(Business Insider) – Former President Donald Trump’s defense lawyer got into a heated argument with Sen. Bernie Sanders after the Vermont lawmaker asked if he believed Trump lied about having won the 2020 US election.
The question came during the fourth day of Trump’s impeachment trial over the deadly Capitol siege. After oral arguments from the nine House impeachment managers and Trump’s attorneys, US senators, who are acting as jurors, were given four hours to ask each side questions.
Here’s the question Sanders submitted: “The House prosecutors have stated over and over again that President Trump was perpetrating a big lie when he repeatedly claimed the election was stolen from him, and that he actually won the election by a landslide.
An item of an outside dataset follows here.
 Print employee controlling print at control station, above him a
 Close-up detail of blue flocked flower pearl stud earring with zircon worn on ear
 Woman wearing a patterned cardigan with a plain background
Are the prosecutors right when they claim that Trump was telling a big lie, or in your judgment, did Trump actually win the election?”
House managers were first up and said Trump repeatedly spread conspiracy theories and falsehoods about the integrity of the election as well as its final results and that he tried to strong-arm election officials and the legislative branch into doing his bidding when his legal efforts to nullify the results fell flat.
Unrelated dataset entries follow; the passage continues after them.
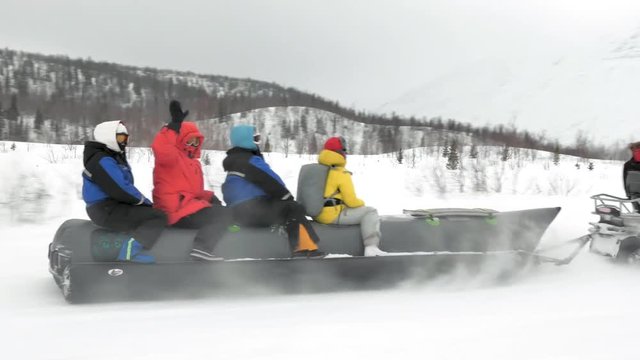 tourists in colorful jackets sit and ride snow banana boat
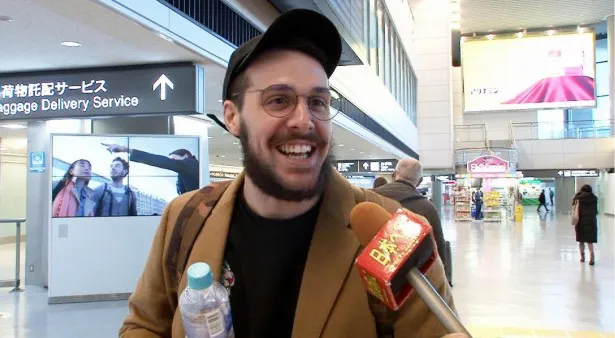 成田空港でインタビューに応じる男性外国人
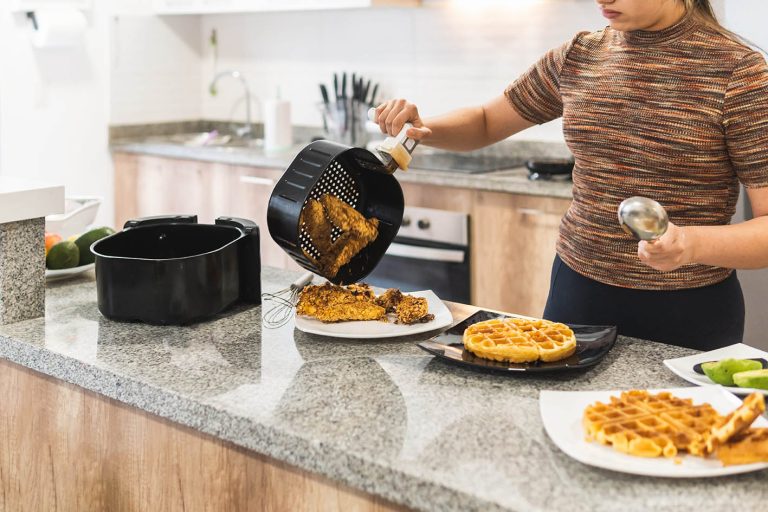 Μήπως χρησιμοποιείτε λάθος το air fryer σας; Τα μυστικά για αληθινά τραγανό φαγητό χωρίς λάδι Στη φωτογραφία γυναίκα που σερβίρει τηγανητό κοτόπουλο με βάφλες από τη φριτέζα αέρα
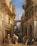 A bustling Middle Eastern street scene features a variety of people in traditional attire. An intricate architectural setting with arches and balconies frames the view. The scene is lively, with people engaging with each other and moving through the space. A notable tower rises in the background under a clear blue sky.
When Trump’s counsel Michael van der Veen was up, he asked why the question was even being asked.”My judgment? Who asked that?” he said.
Sanders replied: “I did.”
“My judgment is irrelevant in this proceeding,” van der Veen said. At that point, according to Capitol Hill pool reports, Sanders said, “No, it isn’t.” He added, “You represent the president of the United States.” “It absolutely is,” van der Veen replied. “What’s supposed to happen here is the article of impeachment is supposed to be – “
Then Vermont Sen. Patrick Leahy, the president pro tempore of the Senate who is presiding over the trial, interjected and called for the Senate to come to order. Van der Veen subsequently asked to have the question read again, at which point he looked directly at Sanders, and Sanders stared back “disdainfully,” pool reports said.
“In my judgment, it’s irrelevant to the question before this body,” van der Veen said. “What’s relevant in this impeachment article is: Were Mr. Trump’s words inciteful to the point of violence and riot? That’s the charge, that’s the question. And the answer is: No. He did not have speech that was inciteful to violence or riot.”
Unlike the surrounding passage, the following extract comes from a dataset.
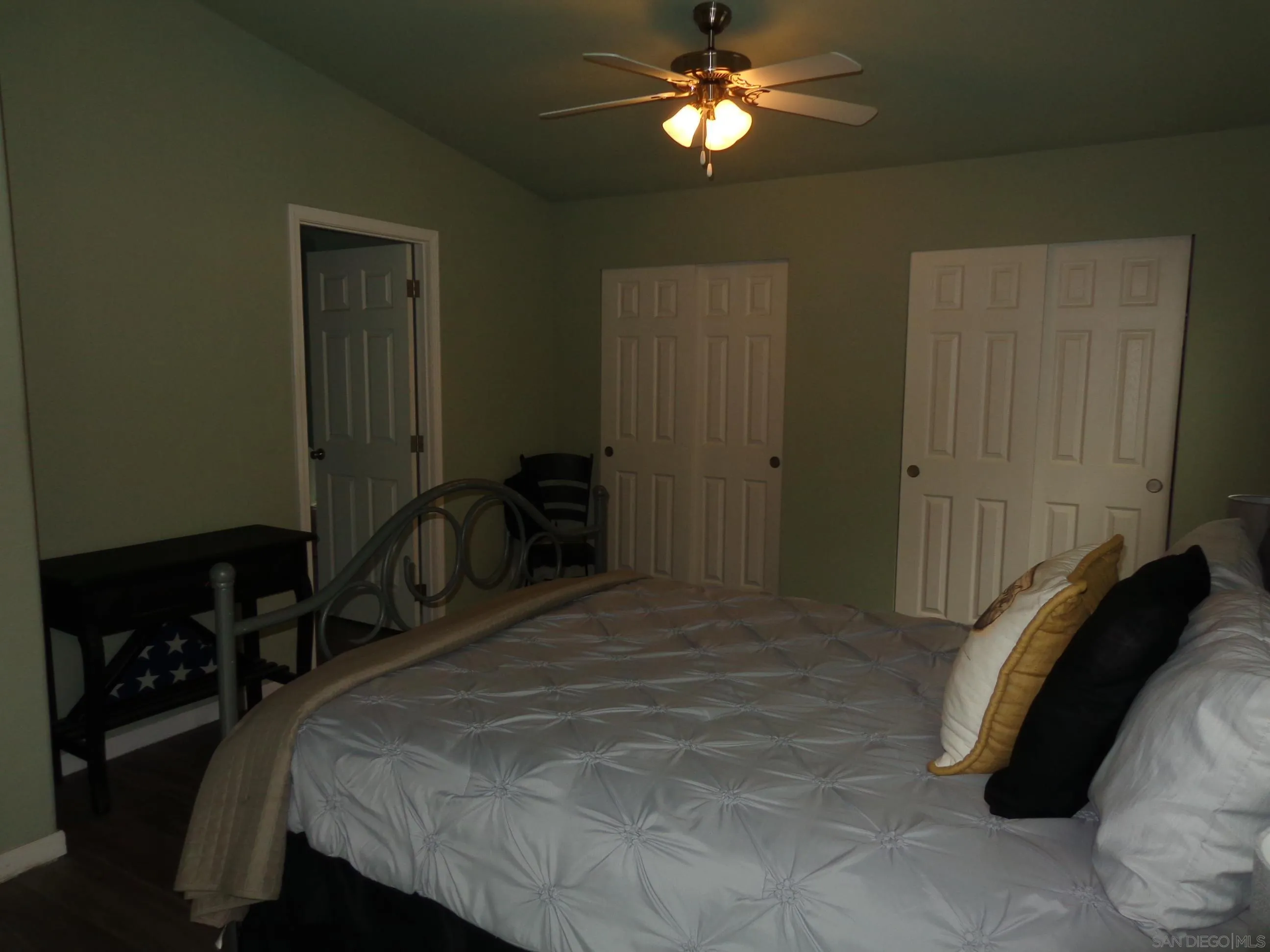 43 Havenview Lane Oceanside, CA 92056 - Photo 21 of 24 a bedroom with a bed and a chandelier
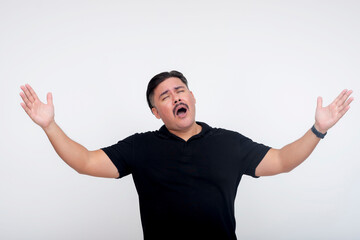 Man expressing strong emotions with hands raised on white studio background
He went on to accuse the House managers of having “completely, from the beginning of this case to right now, done everything except answer that question: the question they brought before you, the question they want my client to be punished by. That’s the question that should be getting asked. And the answer is, he advocated for peaceful, patriotic protest. They’re his words.”
Van der Veen added: “The House managers have showed zero, zero evidence that his words did anything else. Remember, all of the evidence is – this was premeditated. The attack on the Capitol was preplanned. It didn’t have anything to do with Mr. Trump in any way, what he said on that day on January 6 at that ellipse. And that’s the issue before this Senate. Now on the issue of contesting elections and the results, the Democrats have a long history of just doing that. I hope everybody was able to see the video earlier today. Over and over again, it’s been contested. When Mr. Trump was elected president – “
Van der Veen was cut off before he could continue because his time to answer had expired by that point.